▶ [The task]: Each record should be returned exactly as it is written.

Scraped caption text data
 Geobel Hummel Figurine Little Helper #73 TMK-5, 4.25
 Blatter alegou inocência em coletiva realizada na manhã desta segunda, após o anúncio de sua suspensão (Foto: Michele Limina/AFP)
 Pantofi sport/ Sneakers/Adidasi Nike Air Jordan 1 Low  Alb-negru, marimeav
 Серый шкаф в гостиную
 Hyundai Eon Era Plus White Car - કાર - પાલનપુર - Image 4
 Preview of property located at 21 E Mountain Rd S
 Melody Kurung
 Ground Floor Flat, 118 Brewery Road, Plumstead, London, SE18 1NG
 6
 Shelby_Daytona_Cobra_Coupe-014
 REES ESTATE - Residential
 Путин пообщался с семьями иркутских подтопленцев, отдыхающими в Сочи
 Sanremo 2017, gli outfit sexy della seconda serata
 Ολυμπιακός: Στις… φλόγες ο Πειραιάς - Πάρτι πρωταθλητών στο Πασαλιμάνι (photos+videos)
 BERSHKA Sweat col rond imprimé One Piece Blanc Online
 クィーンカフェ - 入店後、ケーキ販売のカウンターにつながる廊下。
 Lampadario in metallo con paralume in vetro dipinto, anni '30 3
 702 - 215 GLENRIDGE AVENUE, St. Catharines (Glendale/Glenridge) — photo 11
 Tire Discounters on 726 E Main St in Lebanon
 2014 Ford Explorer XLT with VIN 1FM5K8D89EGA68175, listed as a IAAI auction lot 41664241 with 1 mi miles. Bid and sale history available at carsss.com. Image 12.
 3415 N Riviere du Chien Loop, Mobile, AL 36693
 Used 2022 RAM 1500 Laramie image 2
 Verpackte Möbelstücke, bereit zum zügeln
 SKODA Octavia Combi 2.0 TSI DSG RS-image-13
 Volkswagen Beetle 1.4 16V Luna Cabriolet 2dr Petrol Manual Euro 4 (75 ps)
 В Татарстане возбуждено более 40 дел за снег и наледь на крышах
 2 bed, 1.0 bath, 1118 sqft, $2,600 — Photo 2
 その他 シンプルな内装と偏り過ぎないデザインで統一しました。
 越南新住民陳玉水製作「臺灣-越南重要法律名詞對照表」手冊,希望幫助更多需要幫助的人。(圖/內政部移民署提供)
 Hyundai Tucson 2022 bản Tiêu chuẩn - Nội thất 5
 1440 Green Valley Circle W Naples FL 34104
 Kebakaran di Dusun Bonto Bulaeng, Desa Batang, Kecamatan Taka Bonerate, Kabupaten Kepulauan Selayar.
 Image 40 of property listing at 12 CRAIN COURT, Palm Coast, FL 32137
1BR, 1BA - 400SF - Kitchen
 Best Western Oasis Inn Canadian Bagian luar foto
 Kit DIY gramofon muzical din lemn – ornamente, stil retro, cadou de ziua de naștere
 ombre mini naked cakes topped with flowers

▶ [Solution]:
 Geobel Hummel Figurine Little Helper #73 TMK-5, 4.25
 Blatter alegou inocência em coletiva realizada na manhã desta segunda, após o anúncio de sua suspensão (Foto: Michele Limina/AFP)
 Pantofi sport/ Sneakers/Adidasi Nike Air Jordan 1 Low  Alb-negru, marimeav
 Серый шкаф в гостиную
 Hyundai Eon Era Plus White Car - કાર - પાલનપુર - Image 4
 Preview of property located at 21 E Mountain Rd S
 Melody Kurung
 Ground Floor Flat, 118 Brewery Road, Plumstead, London, SE18 1NG
 6
 Shelby_Daytona_Cobra_Coupe-014
 REES ESTATE - Residential
 Путин пообщался с семьями иркутских подтопленцев, отдыхающими в Сочи
 Sanremo 2017, gli outfit sexy della seconda serata
 Ολυμπιακός: Στις… φλόγες ο Πειραιάς - Πάρτι πρωταθλητών στο Πασαλιμάνι (photos+videos)
 BERSHKA Sweat col rond imprimé One Piece Blanc Online
 クィーンカフェ - 入店後、ケーキ販売のカウンターにつながる廊下。
 Lampadario in metallo con paralume in vetro dipinto, anni '30 3
 702 - 215 GLENRIDGE AVENUE, St. Catharines (Glendale/Glenridge) — photo 11
 Tire Discounters on 726 E Main St in Lebanon
 2014 Ford Explorer XLT with VIN 1FM5K8D89EGA68175, listed as a IAAI auction lot 41664241 with 1 mi miles. Bid and sale history available at carsss.com. Image 12.
 3415 N Riviere du Chien Loop, Mobile, AL 36693
 Used 2022 RAM 1500 Laramie image 2
 Verpackte Möbelstücke, bereit zum zügeln
 SKODA Octavia Combi 2.0 TSI DSG RS-image-13
 Volkswagen Beetle 1.4 16V Luna Cabriolet 2dr Petrol Manual Euro 4 (75 ps)
 В Татарстане возбуждено более 40 дел за снег и наледь на крышах
 2 bed, 1.0 bath, 1118 sqft, $2,600 — Photo 2
 その他 シンプルな内装と偏り過ぎないデザインで統一しました。
 越南新住民陳玉水製作「臺灣-越南重要法律名詞對照表」手冊,希望幫助更多需要幫助的人。(圖/內政部移民署提供)
 Hyundai Tucson 2022 bản Tiêu chuẩn - Nội thất 5
 1440 Green Valley Circle W Naples FL 34104
 Kebakaran di Dusun Bonto Bulaeng, Desa Batang, Kecamatan Taka Bonerate, Kabupaten Kepulauan Selayar.
 Image 40 of property listing at 12 CRAIN COURT, Palm Coast, FL 32137
1BR, 1BA - 400SF - Kitchen
 Best Western Oasis Inn Canadian Bagian luar foto
 Kit DIY gramofon muzical din lemn – ornamente, stil retro, cadou de ziua de naștere
 ombre mini naked cakes topped with flowers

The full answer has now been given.